People don’t quit jobs, they quit managers and coworkers. In my case I’d quit some coworkers and sometimes my manager.

But others coworkers are good ones I like working with, and the workplace is not very far, meaning my commute is so small I can bike there. There’s lots of downtime as well and sometimes my biggest trouble is how not to die of boredom listening to my coworkers’ boring stories because they feel offended if I don’t sit with them. I’m unionized.

I like keeping to myself and deciding what kind of people I want in my private life. Most of my coworkers are not this kind of people. I’ve been called a loner, which is actually true and it’s not a problem unless people bully me for it (because they feel offended by my silence, apparently). My biggest problem is office drama. However, wherever I go, there’s always going to be drama, so wouldn’t it be wiser to stay with the bad I already know?
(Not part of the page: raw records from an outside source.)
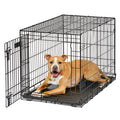 MidWest Homes for Pets Intermediate LifeStages Single Door 36-Inch Folding Dog Crate, Enhanced Security, Includes Leak-Proof Pan, Divider Panel, Handle, Rubber Feet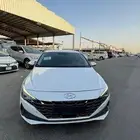 هيواندي النترا 2021 بطاقة جمركية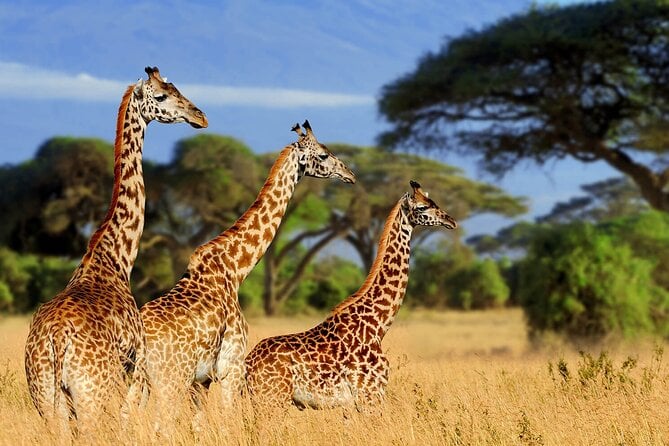 Giraffe Center, Nairobi National Museum and Kobe Beads Center - Accessibility Information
I don’t get drama. It’s a waste of everyone’s time.

bedrooms ,

I met potential future bosses outside the formal process and had conversations. I didn't make these an all-or-nothing deal. Just having conversations on what we could do together if I were to be hired. I made it also clear I was seriously considering to apply to their teams.

Chickenstalker ,

Be a professional and ONLY do your job within your official job scope. No more, no less. If you di this, then by default you won’t get involved in 90% of office bullshit. The remaining 10% of bullshit is unavoidable in carrying out your duties. Hence, DOCUMENT your work. Have everything in email or hardcopy. Your manager told you to do some stupid shit? Ask for it to be written in an email or memo. A co-worker refuses to cooperate? Email her and cc to your and her manager. Customer refuses your advice? Make him sign a disclaimer.

fubbernuckin ,

What’re you talking about “people don’t quit their jobs”. The people are part of the job and people quit for all sorts of other reasons all the time, pretty often due to the job part of the job.

Boozilla ,
@Boozilla@lemmy.world avatar

One thing that sometimes works is when they start up the bullshit and drama, hit them with the old “you guys obviously don’t have enough work to do if you have time for this kind of nonsense” and variations of that. It won’t make you popular with those types of people, but they aren’t ever going to like you anyway. So you might as well get them to leave you alone. It also happens to be true. Like you said, they are wasting everyone’s time.

And always keep coworkers on a low information diet as far as your personal shit goes. It’s OK to have a friend at work, even a trusted friend. That’s a good thing. But 99% of coworkers are not your friend and never will be. And at least half of them want to make you look bad, because they think it makes them look better.

Macaroni_ninja ,
@Macaroni_ninja@lemmy.world avatar

Fuck yes, and stay out of office politics and avoid taking sides with anyone.